Separately on Monday, the Ministry summoned British Ambassador to Russia Nigel Casey to warn him over the implications of Foreign Minister David Cameron’s comments during his May 2 visit to Kiev about the admissibility using British weaponry to carry out strikes on Russian territory, stressing that the comments signal London’s admission of its role as a direct party to the Ukrainian crisis, and that Moscow will treat it accordingly.
“The ambassador was told that the Russian side views D. Cameron’s words as evidence of a serious escalation, and confirmation of London’s growing involvement in military operations on the side of Kiev. N. Casey was warned that the response to Ukrainian strikes using British weapons on Russian territory could include any British military facilities and equipment on the territory of Ukraine and beyond,” the ministry said.
Moscow separately summoned French Ambassador to Russia Pierre Levy “in connection with…bellicose statements by the French leadership,” and France’s growing involvement in the Ukrainian crisis.
Reading Russia’s Signals
“This is a signal to the Western leaders that they are serious. They are not bluffing,” retired US Army Lt. Col. Earl Rasmussen told Sputnik, commenting on the flurry of statements by the Russian military, the Kremlin and the Foreign Ministry about Russia missile forces’ plans to hold tactical nuclear weapons drills in the Southern Military District amid NATO threats in Ukraine.
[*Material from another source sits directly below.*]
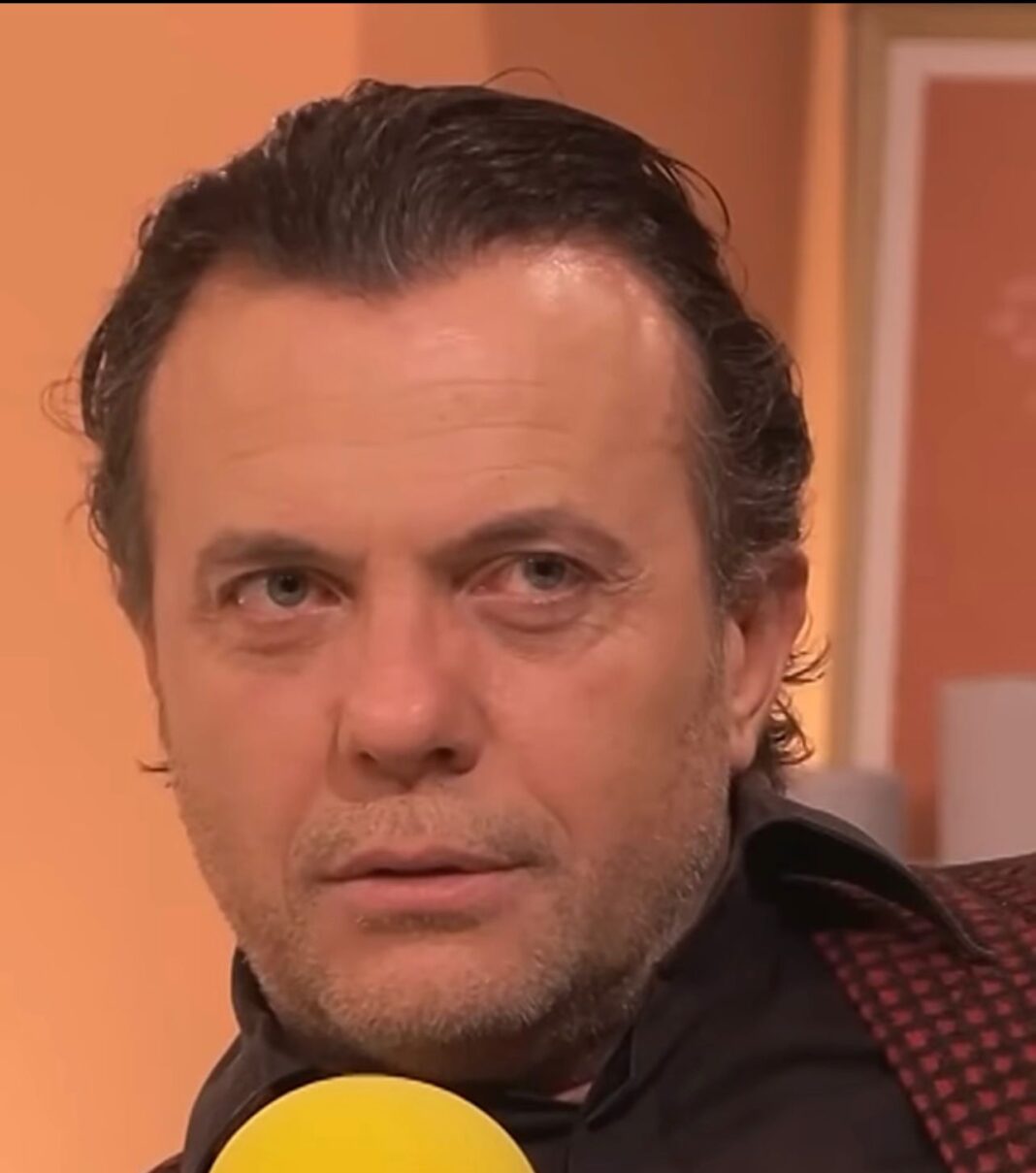 “E doja shumë”, Laert Vasili e pranon publikisht: Jam i dashuruar me një pr*stitutë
“If the Western leaders escalate this further with direct engagement, Russia will directly engage them: and they'll destroy their forces, and potentially to protect the Russian state will, may result in tactical nuclear weapons [being used]. This is not good: this would force an escalation and eventually lead to a total nuclear war,” Rasmussen warned.
“I don't believe that Russia wants to do this. I believe they're trying to send a signal to caution the Western leaders from escalating further,” the 20-year US Army veteran-turned international and military affairs commentator added.
Unfortunately, Rasmussen warned, the hostile statements coming out of Western capitals about “getting engaged” in Ukraine if the Ukrainian front collapses serve to increase the risks of a direct clash. “This is a very, very dangerous provocation, a very dangerous escalation. I would caution Western leaders not to do that,” he urged.
“Ukraine is not a NATO ally,” Rasmussen stressed, pointing out that Kiev at best is a kind of “pseudo” ally, having received years of funding and training from NATO countries, but having no obligation from the bloc to come to its aid, much less perish in a potential flashpoint with Russia.
“But this is, very, very, dangerous escalation from the verbal rhetoric and threats from the West. And Russia's acting accordingly, basically sending a clear signal that they will be prepared, they'll be trained, they will be ready, if necessary. They don't not want to, but they will protect the Russian state,” Rasmussen summed up.